Pictures are to be dropped, and only the lines from the one containing "Apple iPhone XR 64 GB Red" through the end of the data below are to be reproduced as written.

▶ [RAW DATA]
[Start of section]

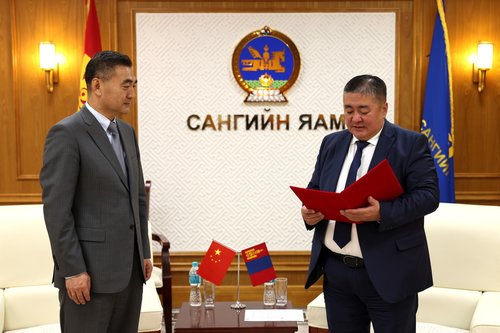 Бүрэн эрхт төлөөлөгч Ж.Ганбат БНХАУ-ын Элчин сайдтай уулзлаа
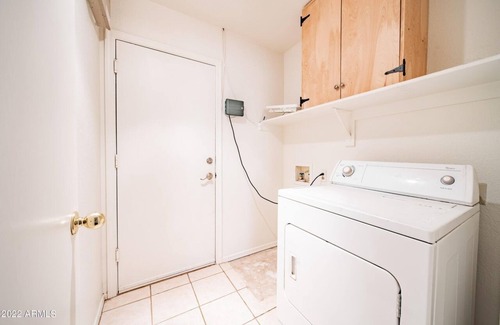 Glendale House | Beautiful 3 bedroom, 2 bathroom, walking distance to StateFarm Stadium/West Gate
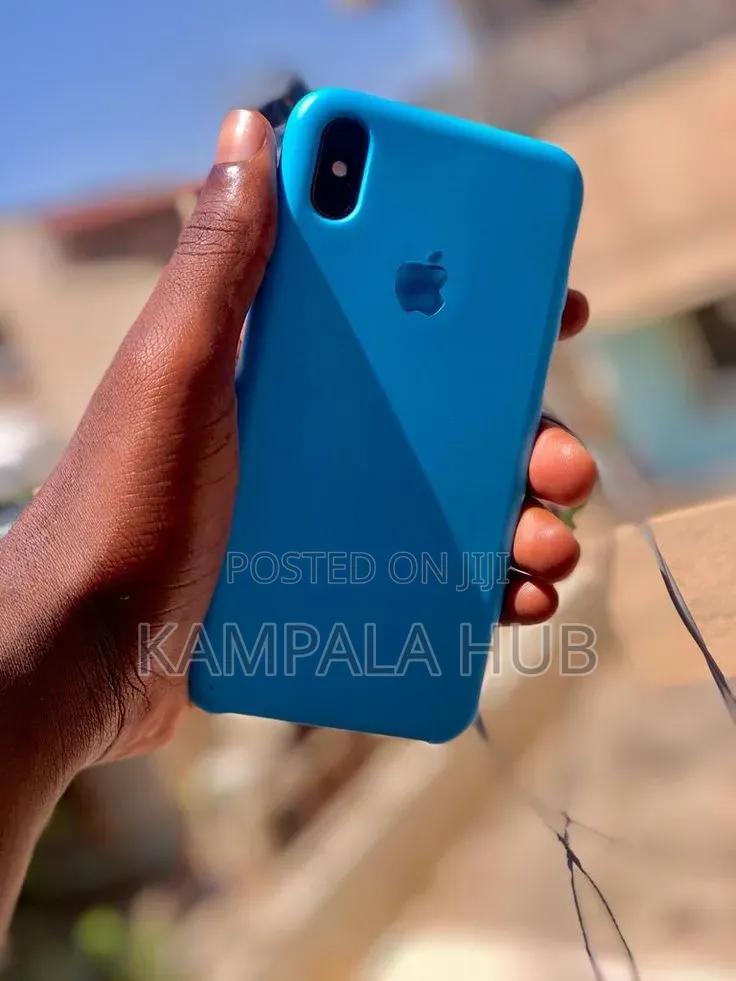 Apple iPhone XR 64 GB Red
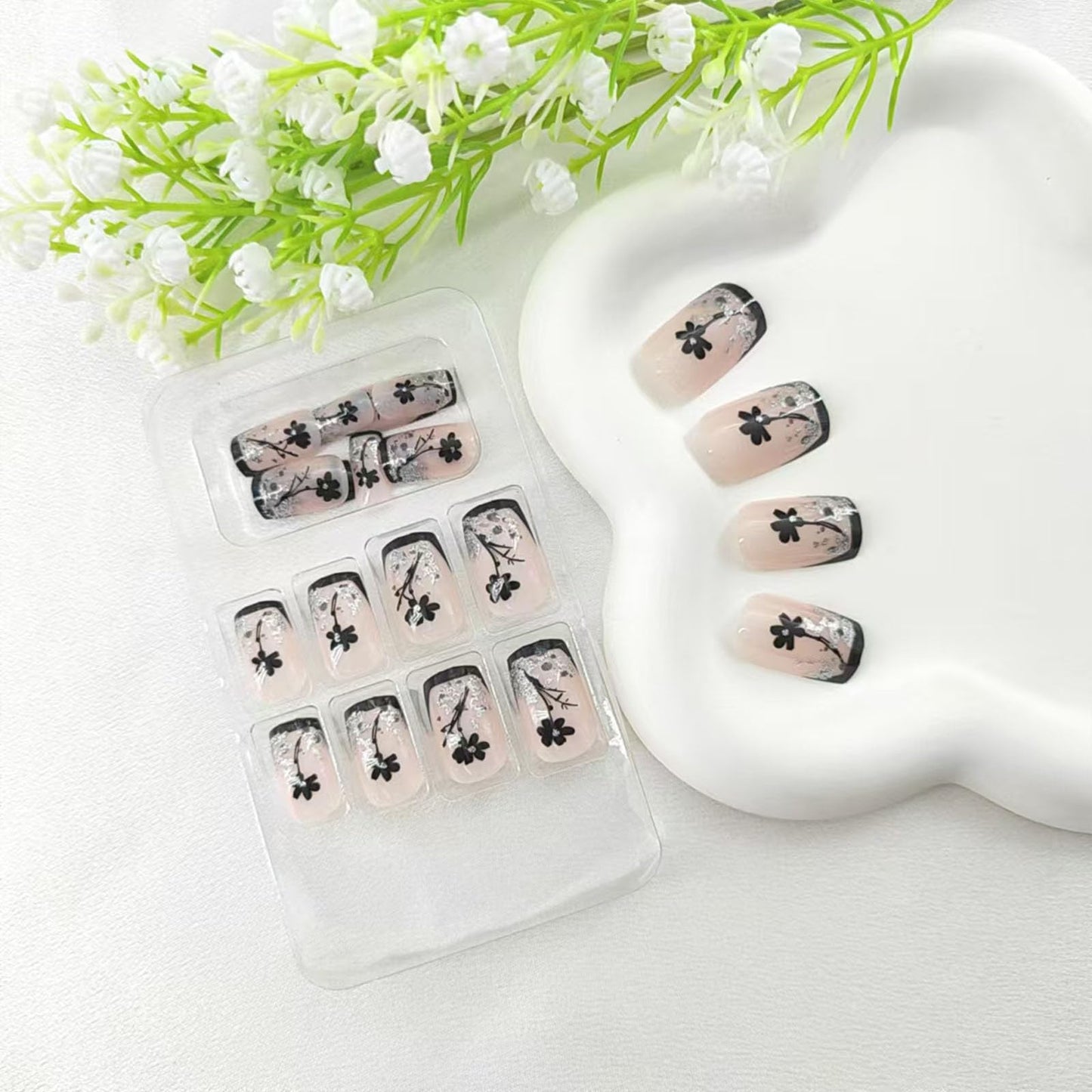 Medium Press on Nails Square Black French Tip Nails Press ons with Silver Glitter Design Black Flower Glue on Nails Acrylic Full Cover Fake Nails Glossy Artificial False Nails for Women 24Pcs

[End of section]

▶ [PROBLEM SOLUTION]
 Apple iPhone XR 64 GB Red
 Medium Press on Nails Square Black French Tip Nails Press ons with Silver Glitter Design Black Flower Glue on Nails Acrylic Full Cover Fake Nails Glossy Artificial False Nails for Women 24Pcs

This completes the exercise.